The Invitation
My wife and I took a vacation to England and Ireland this past week, starting with London. I had only the fuzziest of mental pictures from my last trip to London almost two decades ago, but I was freshly charmed by the cobblestone streets, old pubs, red double-decker busses, pleasant green parks, and all the rest. But that was just a warm-up for our next destination, Oxford. Oh the spires, the shady cloisters, the green lawns peeking out through gothic arches!
If you grow up in a certain cultural milieu, Oxford feels deeply...right. I came with a thousand fragments of experience and memory: the old stone church we attended in my childhood, the quaint British movies and BBC shows I was brought up on, the architecture of my Victorian neighborhood in Philadelphia. Being in Oxford was like like seeing all the fragments come together as a single, stain-glassed window. In the words of the poet Sheldon Vanauken who studied at Oxford in the 1950s, it was like "coming to a home half-remembered."
It's easy to romanticize these kinds of places of course, to attempt to live inside the beauty and possess it. Vanauken's mentor C.S. Lewis warned against this in his famous sermon, The Weight of Glory: "These things—the beauty, the memory of our own past—are good images of what we really desire; but if they are mistaken for the thing itself they turn into dumb idols, breaking the hearts of their worshippers. For they are not the thing itself; they are only the scent of a flower we have not found, the echo of a tune we have not heard, news from a country we have never yet visited."
Lewis' point is if you get stuck in the longing for beauty you'll miss what it’s pointing to, which is the Kingdom of Heaven. As I've written about before, I think truly good art doesn't try to freeze beauty like a flower under glass, it points you to the garden. With that in mind, I wrote this little sketch of an evening walk from Oxford down to a country pub, not to relive a past experience over and over, but to point toward a future one that the present beauties hint at.
We walked down a narrow street leading away from the ancient university towards a thick row of trees, over a railroad track, and into a broad field under a mottled sky. The very flat, very long field rolled away to the north like a scroll issuing a royal invitation.
It said: come, enter in, partake, abide.
I marveled at the very green grass and the very blue sky, the way the geese and cattle in the distance looked like little blobs of paint on an artist's canvas. Behind them was a dark green slash of woods and river that ran away toward the horizon. What a little rise over a field can do to open the imagination.
We went into the painting, not with the sudden leap of the Banks childen and Bert and Mary Poppins, but with a gradual immersion that made the rough brush strokes steadily sharpen and gain definition. The pale green splash of a field became hummocks and tussocks of rough meadow grass. The dark green slash of woods became a spacious cathedral of towering trunks and spreading branches. The ribbon of a river deepened into a dark pool where water grasses rippled upward toward the light.

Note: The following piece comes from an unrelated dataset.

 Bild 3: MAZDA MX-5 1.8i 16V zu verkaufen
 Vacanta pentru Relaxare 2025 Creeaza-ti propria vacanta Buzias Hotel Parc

We crossed an arched bridge over the river and stepped onto a dirt path that ambled along the riverbank; up and down little hillocks, around large spreading trees, through gates, over crossroads, past stony ruins with unknown origins. This path was made by a thousand years of feet finding their way north along a river whose amber-green water has never stopped moving the other way. Two travelers passing by.
This landscape, so beautiful in its simplicity and content in itself, doesn't ask anything of the visitor except to participate, to give up the wearison toiling after treasures that do not last, to partake in riches given without cost.
At the end of our walk, a pub with low ceilings and a thatched roof waited for us. We sat on the terrace and drank beer next to the lock where the amber green water turned white as it ran down the sluice. A stone lion stood guard on the other side. A wooden footbridge soared gracefully over the river. It didn't seem to lead anywhere, but it didn't need to.
Missing were the drovers herding their cattle, the fishermen punting their catch to market, the farmers carrying baskets of vegetables in from the fields, the soliders riding to distant battles, the monks walking to nearby sick houses, the whole retinue of ages past who made these roads and waters a highway. The countryside would have lived and breathed with activity. Now, rutted fields and overgrowth thickets and crumbling walls are all that's left. But it hasn't stopped talking.
It says: stop, wait, watch. My story is not over.